The Others "Uykusuz sektör" 98'de dehşet saçtı

"Uykusuz sektör" 98'de dehşet saçtı

31.12.1998 - 00:00 | Son Güncellenme:

"Uykusuz sektör" 98'de dehşet saçtı

Uykusuz sektör 98de dehşet saçtı

       23 Aralık akşamı Havza - Samsun karayolunda 20 kişinin diri diri yanarak ölümüne, 16 kişinin de yaralanmasına neden olan kaza ile bundan 14 ay önce Konya - Ereğli istikametinde 48 kişinin yine yanarak öldüğü, tarihimize "en büyük trafik faciası" olarak geçen kazanın aktörleri aynıydı: burun buruna çarpışan birer otobüs ve akaryakıt tankeri.
       Her iki kazanın nedenleri ve oluş biçimi de birbirine benziyordu: dikkatsizlik, tedbirsizlik ve hatalı manevra.
       İçişleri Bakanlığı'nın istatistiklerine göre otobüs kazalarına en çok uykusuz, yorgun şoförler (%44), aşırı hız (%32) ve şerit tecavüzü (%14,80) neden oluyor. Şoför uykusuz ve yorgun olunca kazalar da çarpışma riskinin en fazla olduğu iki yönlü ve bölünmemiş yollarda meydana geliyor; çoğunlukla da düz yolda ve açık havada giderken...
       Can ve mal kaybının bugünden yarına yarı yarıya azaltılması, sadece şoförlerin yola uykusunu almış ve dinlenmiş olarak çıkmasıyla mümkün. Ama olmuyor, "uykusuz sektörün" koşulları, bir bakıma Türkiye'nin toplumsal ve ekonomik durumu buna izin vermiyor.

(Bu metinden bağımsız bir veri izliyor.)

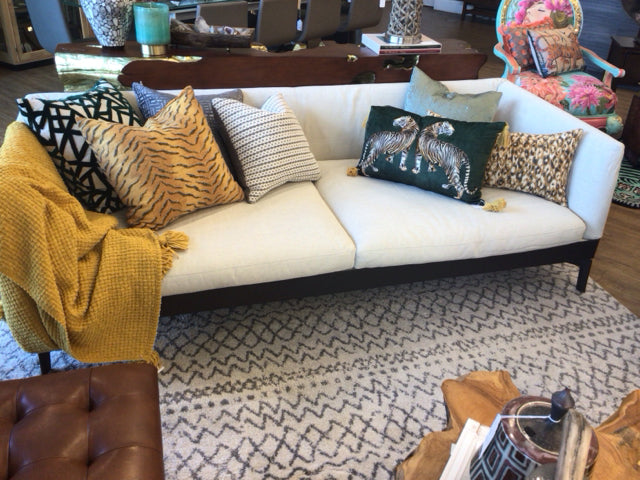 Cream Two Seat Fabric Sofa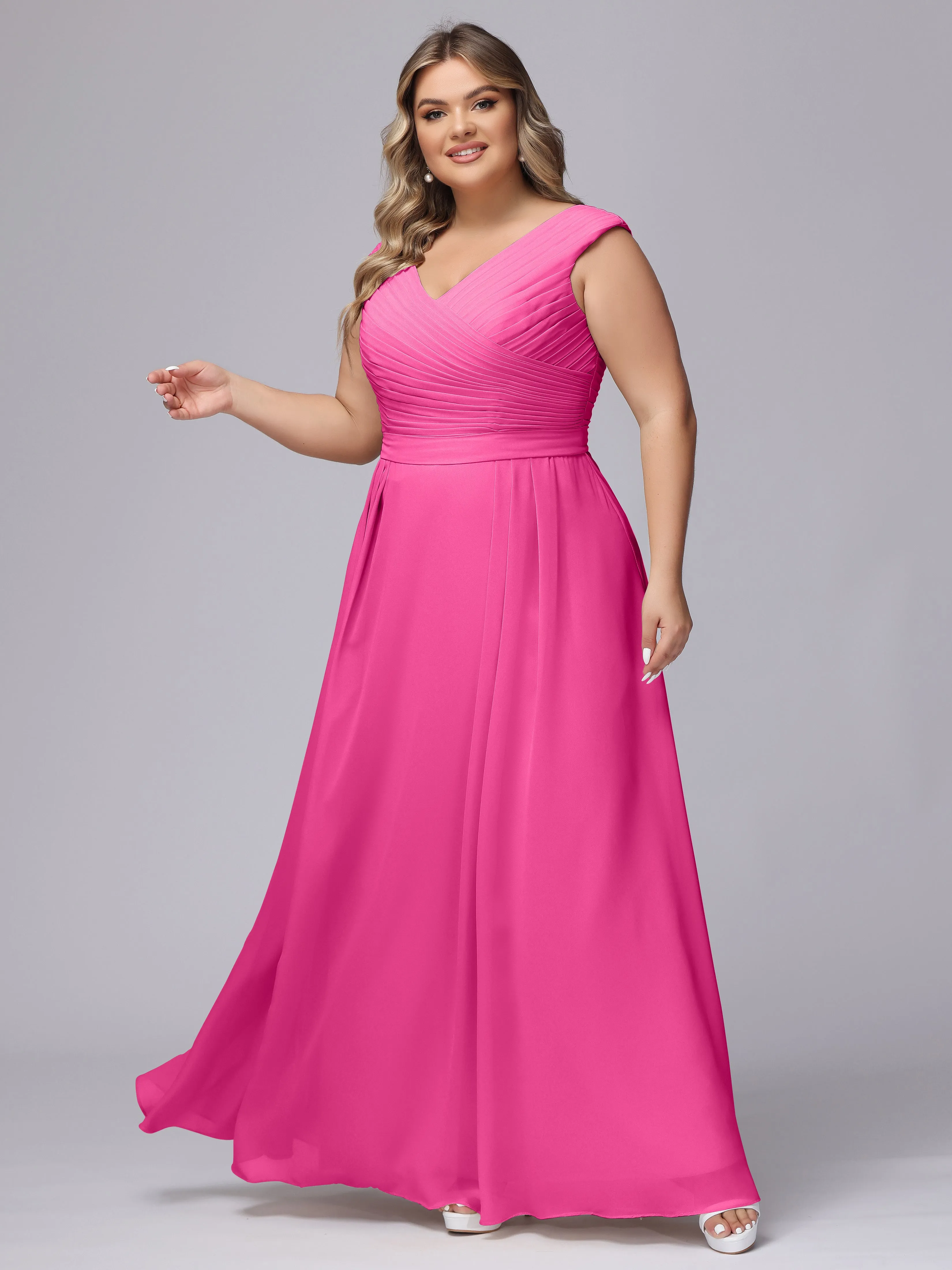 V-Back Plus Size Chiffon Bridesmaid Dress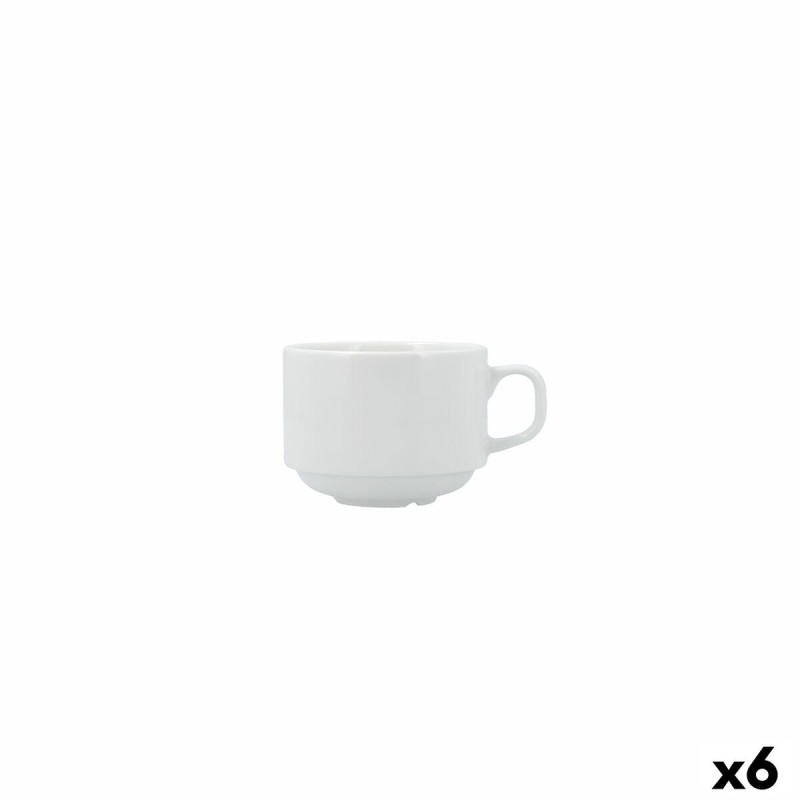 Tea and coffee cup Bidasoa Serenity Hydrozero White Ceramic 230 ml ...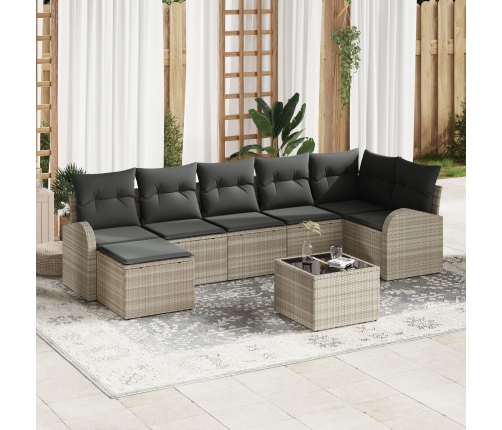 Conjunto de Sofá de Jardín de 8 Piezas con Cojines Gris Poliratán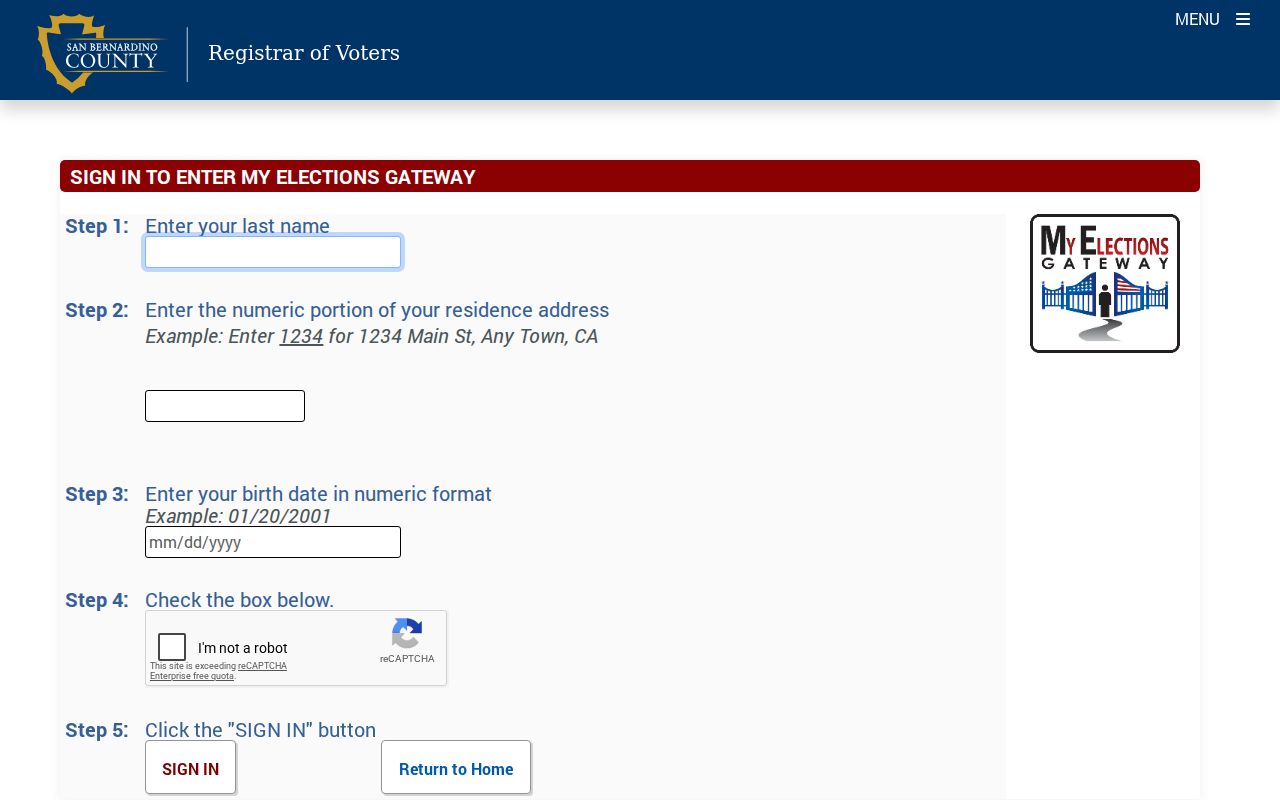 Twentynine Palms voter registration fields in My Elections Gateway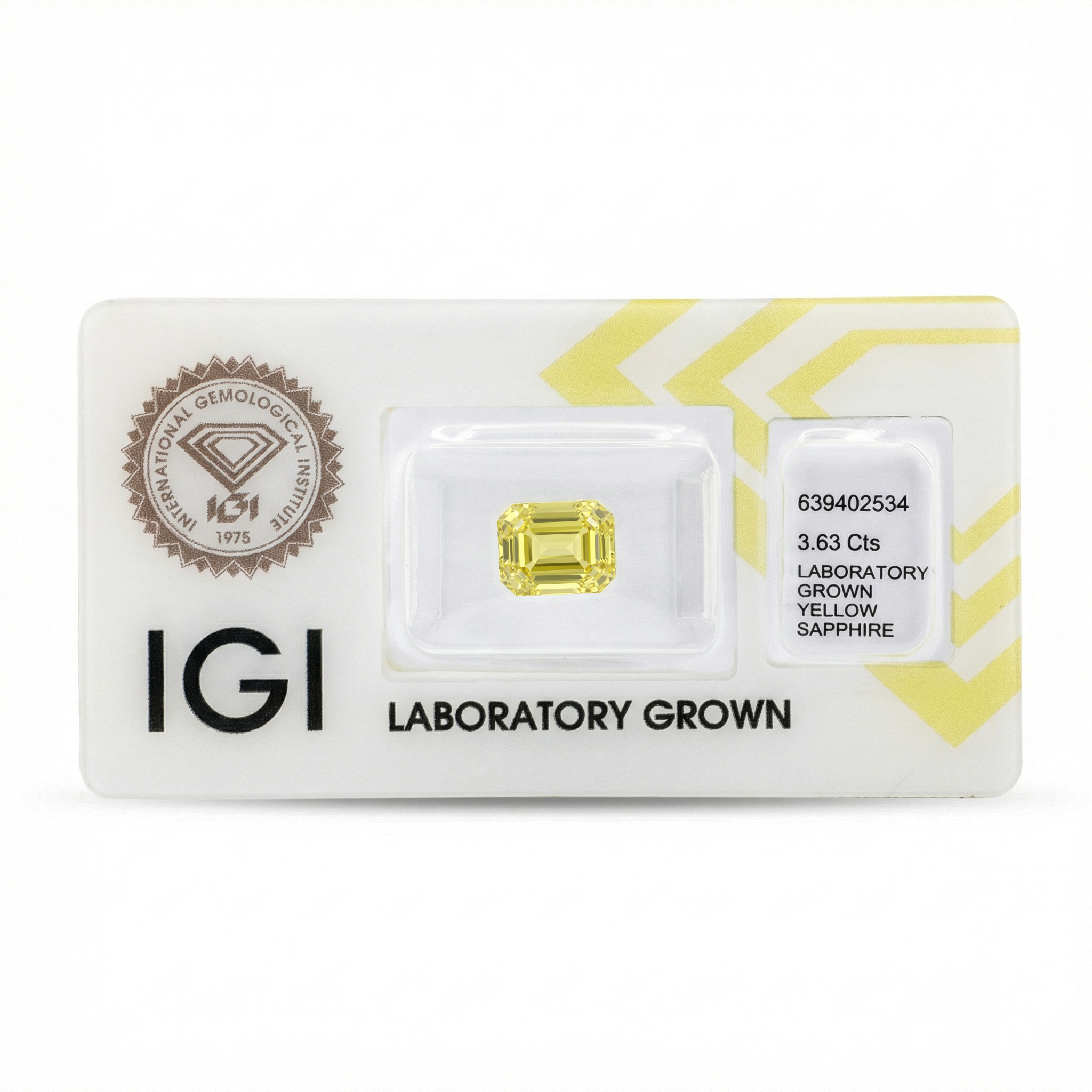 IGI Certified Laboratory Grown Yellow Sapphire | 3.63 Carat Emerald Cut | Elegant Luxury Gemstone Secondary image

       Uluslararası Yolcu Taşımacıları Derneği Başkanı ve Varan Turizm Seyahat A.Ş. Genel Müdürü İbrahim Aybar yurtiçi yolcu taşımacığında sürücülerin genellikle otobüslerinin içinde yaşamak zorunda kaldıklarını belirterek bu durumun nedenlerini de şöyle özetliyor:
       "Türkiye'de yolcu taşımacılığının üçte ikisi taşeron otobüslerle yapılıyor. Bu 14 bin otobüsün şoförleri aynı zamanda otobüsün ya sahibi ya da ortağı konumunda. Bu insanlar ayda yaklaşık 3 milyar lirayı bulan otobüs taksitlerini ödeyebilmek için geceli gündüzlü hiç dinlenmeden direksiyon başında oturuyorlar. Firmaya yüksek oranda komisyon ödedikleri için, ancak yollarda aldıkları yolcular kendilerine net para bırakıyor. Bu da 'dur - kalk'larla zaman yitirmelerine neden oluyor. Yiten zamanı yeniden kazanmak, sıra almak ve kalkış saatini yakalamak için de hem zamanla hem de ölümle yarışıyorlar!"
       Aybar'a göre bu ölümcül yarış sırasında ne sürücüler ne de otobüsleri dinlenebiliyor! Otobüslerin bakımını yapmaya bile zaman bulunamıyor.
       Kazalar ile Türkiye'nin gelişmişlik düzeyi arasındaki doğrudan ilişki işte böyle kuruluyor.
       Mal taşımacılığında da benzer bir durum var. Kamyoncular da fazla yük yüklüyorlar ve borç ödeyebilmek için haddinden fazla çalışıp hızlı sürüyorlar. Üç dingilli bir kamyonun azami yükü 20 tonken Türkiye'de 30 tondan aşağı yüklenmiyor. Üstelik Türkiye'de otobüslerin yüzde 36'sı 97 ve 98 modelken, yani genç taşıtlarken, kamyonların yaş ortalaması 14.
       1997'de Türkiye'de 629 bin kamyon, 140 bin otobüs vardı. Aynı yıl her 100 otobüsten 15'i (21.071), her 100 kamyondan 7'si (44.058) kaza yaptı.

       1997 yılı sonu rakamlarına göre Türkiye'de yolcu taşımacılığı yapma belgesine sahip 430 firma var. Yollarda 21 bin otobüs çalışıyor. Firma kurabilmek için 3 otobüs sahibi olmak yetiyor. Otobüs işletmek, her seferde en az 40 kişinin yaşamını elinde tutuyor olmak için sadece üç otobüslük bir yatırım yapmak yetiyor. Aybar'a göre çözüm tam da burada yatıyor. Bir yasa çıkarmak, yolcu taşımacılığını uluslararası standartlara oturtmak için yasal düzenlemeler oluşturmakta.
       Bunun için de Aybar önerilerini başlıklar halinde şöyle sıralıyor:
       * Devlet şirket kuruluşunda özmal otobüs sayısını 10'a çıkarmalı ve özmal otobüsleri arttıkça firmalara ek destekler sağlamalı.
       * Kurulacak firmanın sorumlulukları ve bu sorumlulukları karşılamaya yetecek mali kapasitesi olmalı. Örneğin Avrupa Birliği'nde firmalar yolcu başına 3 bin ECU tutarında teminat yatırmak zorunda.
       * Sürücüler işe alınmadan önce ruhsal ve fiziksel sağlık denetiminden geçirilmeli, sağlık denetimleri altı ayda bir yinelenmeli.
       * Firmalardaki bütün çalışanlar sosyal güvenlik kapsamında olmalı.
       * Kiralık otobüs çalıştıran firmalar, kiralık otobüslerden de sorumlu olmalı ve firmaların "uyanık olması" sağlanmalı.
       * Sürücülere yönelik meslek içi eğitim programları geliştirilmeli.
       * Bölünmüş, çift şerit yollar artırılmalı.
       * Sivil baskı grupları oluşturulmalı, herkes yaşamına sahip çıkmalı!